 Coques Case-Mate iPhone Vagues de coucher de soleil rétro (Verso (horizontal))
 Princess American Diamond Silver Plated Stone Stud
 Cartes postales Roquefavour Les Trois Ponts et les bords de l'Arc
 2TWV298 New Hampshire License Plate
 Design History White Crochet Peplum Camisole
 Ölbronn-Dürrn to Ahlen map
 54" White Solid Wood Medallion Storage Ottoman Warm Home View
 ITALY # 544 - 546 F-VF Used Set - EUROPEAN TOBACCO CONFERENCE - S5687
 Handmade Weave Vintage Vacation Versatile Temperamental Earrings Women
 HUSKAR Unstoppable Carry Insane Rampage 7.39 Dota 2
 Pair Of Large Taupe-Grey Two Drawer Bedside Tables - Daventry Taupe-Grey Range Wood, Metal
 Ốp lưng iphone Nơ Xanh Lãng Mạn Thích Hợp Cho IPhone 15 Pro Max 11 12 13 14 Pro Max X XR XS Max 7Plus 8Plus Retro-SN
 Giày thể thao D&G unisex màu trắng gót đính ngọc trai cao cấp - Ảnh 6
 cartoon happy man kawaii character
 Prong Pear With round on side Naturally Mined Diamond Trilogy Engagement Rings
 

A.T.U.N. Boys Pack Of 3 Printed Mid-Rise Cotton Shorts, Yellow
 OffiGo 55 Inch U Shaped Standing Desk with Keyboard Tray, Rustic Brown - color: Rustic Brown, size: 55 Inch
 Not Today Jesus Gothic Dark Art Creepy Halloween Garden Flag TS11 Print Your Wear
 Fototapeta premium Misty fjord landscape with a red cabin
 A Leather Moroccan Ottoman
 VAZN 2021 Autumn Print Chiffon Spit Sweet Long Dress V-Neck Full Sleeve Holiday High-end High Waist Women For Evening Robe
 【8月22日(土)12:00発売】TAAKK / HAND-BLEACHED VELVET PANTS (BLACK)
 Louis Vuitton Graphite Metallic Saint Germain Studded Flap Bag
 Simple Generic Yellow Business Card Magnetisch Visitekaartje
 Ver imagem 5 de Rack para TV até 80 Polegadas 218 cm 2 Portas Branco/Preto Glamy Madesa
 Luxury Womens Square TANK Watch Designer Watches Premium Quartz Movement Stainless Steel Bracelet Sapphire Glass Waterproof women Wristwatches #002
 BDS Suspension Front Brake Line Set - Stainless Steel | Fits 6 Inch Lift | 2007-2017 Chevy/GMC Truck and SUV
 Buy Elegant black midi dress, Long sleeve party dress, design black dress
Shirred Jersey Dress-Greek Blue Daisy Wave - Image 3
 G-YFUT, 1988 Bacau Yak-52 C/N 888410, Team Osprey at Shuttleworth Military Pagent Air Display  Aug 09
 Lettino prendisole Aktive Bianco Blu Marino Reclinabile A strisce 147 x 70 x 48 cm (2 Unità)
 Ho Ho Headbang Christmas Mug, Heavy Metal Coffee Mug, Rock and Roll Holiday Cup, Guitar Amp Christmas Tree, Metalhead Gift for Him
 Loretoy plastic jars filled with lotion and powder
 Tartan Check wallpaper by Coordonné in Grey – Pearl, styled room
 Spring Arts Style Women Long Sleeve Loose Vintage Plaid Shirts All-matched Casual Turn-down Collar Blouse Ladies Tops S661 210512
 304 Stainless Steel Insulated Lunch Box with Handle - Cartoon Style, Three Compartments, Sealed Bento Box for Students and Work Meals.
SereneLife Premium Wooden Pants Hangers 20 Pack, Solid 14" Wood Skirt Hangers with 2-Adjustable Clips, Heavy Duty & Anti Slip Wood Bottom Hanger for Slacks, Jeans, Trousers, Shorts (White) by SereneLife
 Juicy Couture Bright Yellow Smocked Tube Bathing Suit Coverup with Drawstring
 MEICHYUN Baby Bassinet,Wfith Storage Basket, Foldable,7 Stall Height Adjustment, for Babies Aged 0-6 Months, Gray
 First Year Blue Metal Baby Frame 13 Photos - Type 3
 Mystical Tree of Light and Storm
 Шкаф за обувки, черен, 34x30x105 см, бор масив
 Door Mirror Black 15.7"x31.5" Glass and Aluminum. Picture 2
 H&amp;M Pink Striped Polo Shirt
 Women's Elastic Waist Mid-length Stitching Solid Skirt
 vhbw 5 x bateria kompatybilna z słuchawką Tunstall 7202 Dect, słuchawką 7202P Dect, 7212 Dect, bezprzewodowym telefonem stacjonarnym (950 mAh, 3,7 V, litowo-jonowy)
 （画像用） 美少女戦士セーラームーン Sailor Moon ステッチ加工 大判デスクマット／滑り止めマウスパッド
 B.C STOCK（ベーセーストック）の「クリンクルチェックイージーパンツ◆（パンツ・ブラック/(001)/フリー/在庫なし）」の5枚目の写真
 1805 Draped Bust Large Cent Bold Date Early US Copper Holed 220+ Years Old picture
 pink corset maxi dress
-----
> _Goal of the exercise_:
Above are some records; extract every one of them exactly.

> _Result of the exercise_:
 Coques Case-Mate iPhone Vagues de coucher de soleil rétro (Verso (horizontal))
 Princess American Diamond Silver Plated Stone Stud
 Cartes postales Roquefavour Les Trois Ponts et les bords de l'Arc
 2TWV298 New Hampshire License Plate
 Design History White Crochet Peplum Camisole
 Ölbronn-Dürrn to Ahlen map
 54" White Solid Wood Medallion Storage Ottoman Warm Home View
 ITALY # 544 - 546 F-VF Used Set - EUROPEAN TOBACCO CONFERENCE - S5687
 Handmade Weave Vintage Vacation Versatile Temperamental Earrings Women
 HUSKAR Unstoppable Carry Insane Rampage 7.39 Dota 2
 Pair Of Large Taupe-Grey Two Drawer Bedside Tables - Daventry Taupe-Grey Range Wood, Metal
 Ốp lưng iphone Nơ Xanh Lãng Mạn Thích Hợp Cho IPhone 15 Pro Max 11 12 13 14 Pro Max X XR XS Max 7Plus 8Plus Retro-SN
 Giày thể thao D&G unisex màu trắng gót đính ngọc trai cao cấp - Ảnh 6
 cartoon happy man kawaii character
 Prong Pear With round on side Naturally Mined Diamond Trilogy Engagement Rings
 

A.T.U.N. Boys Pack Of 3 Printed Mid-Rise Cotton Shorts, Yellow
 OffiGo 55 Inch U Shaped Standing Desk with Keyboard Tray, Rustic Brown - color: Rustic Brown, size: 55 Inch
 Not Today Jesus Gothic Dark Art Creepy Halloween Garden Flag TS11 Print Your Wear
 Fototapeta premium Misty fjord landscape with a red cabin
 A Leather Moroccan Ottoman
 VAZN 2021 Autumn Print Chiffon Spit Sweet Long Dress V-Neck Full Sleeve Holiday High-end High Waist Women For Evening Robe
 【8月22日(土)12:00発売】TAAKK / HAND-BLEACHED VELVET PANTS (BLACK)
 Louis Vuitton Graphite Metallic Saint Germain Studded Flap Bag
 Simple Generic Yellow Business Card Magnetisch Visitekaartje
 Ver imagem 5 de Rack para TV até 80 Polegadas 218 cm 2 Portas Branco/Preto Glamy Madesa
 Luxury Womens Square TANK Watch Designer Watches Premium Quartz Movement Stainless Steel Bracelet Sapphire Glass Waterproof women Wristwatches #002
 BDS Suspension Front Brake Line Set - Stainless Steel | Fits 6 Inch Lift | 2007-2017 Chevy/GMC Truck and SUV
 Buy Elegant black midi dress, Long sleeve party dress, design black dress
Shirred Jersey Dress-Greek Blue Daisy Wave - Image 3
 G-YFUT, 1988 Bacau Yak-52 C/N 888410, Team Osprey at Shuttleworth Military Pagent Air Display  Aug 09
 Lettino prendisole Aktive Bianco Blu Marino Reclinabile A strisce 147 x 70 x 48 cm (2 Unità)
 Ho Ho Headbang Christmas Mug, Heavy Metal Coffee Mug, Rock and Roll Holiday Cup, Guitar Amp Christmas Tree, Metalhead Gift for Him
 Loretoy plastic jars filled with lotion and powder
 Tartan Check wallpaper by Coordonné in Grey – Pearl, styled room
 Spring Arts Style Women Long Sleeve Loose Vintage Plaid Shirts All-matched Casual Turn-down Collar Blouse Ladies Tops S661 210512
 304 Stainless Steel Insulated Lunch Box with Handle - Cartoon Style, Three Compartments, Sealed Bento Box for Students and Work Meals.
SereneLife Premium Wooden Pants Hangers 20 Pack, Solid 14" Wood Skirt Hangers with 2-Adjustable Clips, Heavy Duty & Anti Slip Wood Bottom Hanger for Slacks, Jeans, Trousers, Shorts (White) by SereneLife
 Juicy Couture Bright Yellow Smocked Tube Bathing Suit Coverup with Drawstring
 MEICHYUN Baby Bassinet,Wfith Storage Basket, Foldable,7 Stall Height Adjustment, for Babies Aged 0-6 Months, Gray
 First Year Blue Metal Baby Frame 13 Photos - Type 3
 Mystical Tree of Light and Storm
 Шкаф за обувки, черен, 34x30x105 см, бор масив
 Door Mirror Black 15.7"x31.5" Glass and Aluminum. Picture 2
 H&amp;M Pink Striped Polo Shirt
 Women's Elastic Waist Mid-length Stitching Solid Skirt
 vhbw 5 x bateria kompatybilna z słuchawką Tunstall 7202 Dect, słuchawką 7202P Dect, 7212 Dect, bezprzewodowym telefonem stacjonarnym (950 mAh, 3,7 V, litowo-jonowy)
 （画像用） 美少女戦士セーラームーン Sailor Moon ステッチ加工 大判デスクマット／滑り止めマウスパッド
 B.C STOCK（ベーセーストック）の「クリンクルチェックイージーパンツ◆（パンツ・ブラック/(001)/フリー/在庫なし）」の5枚目の写真
 1805 Draped Bust Large Cent Bold Date Early US Copper Holed 220+ Years Old picture
 pink corset maxi dress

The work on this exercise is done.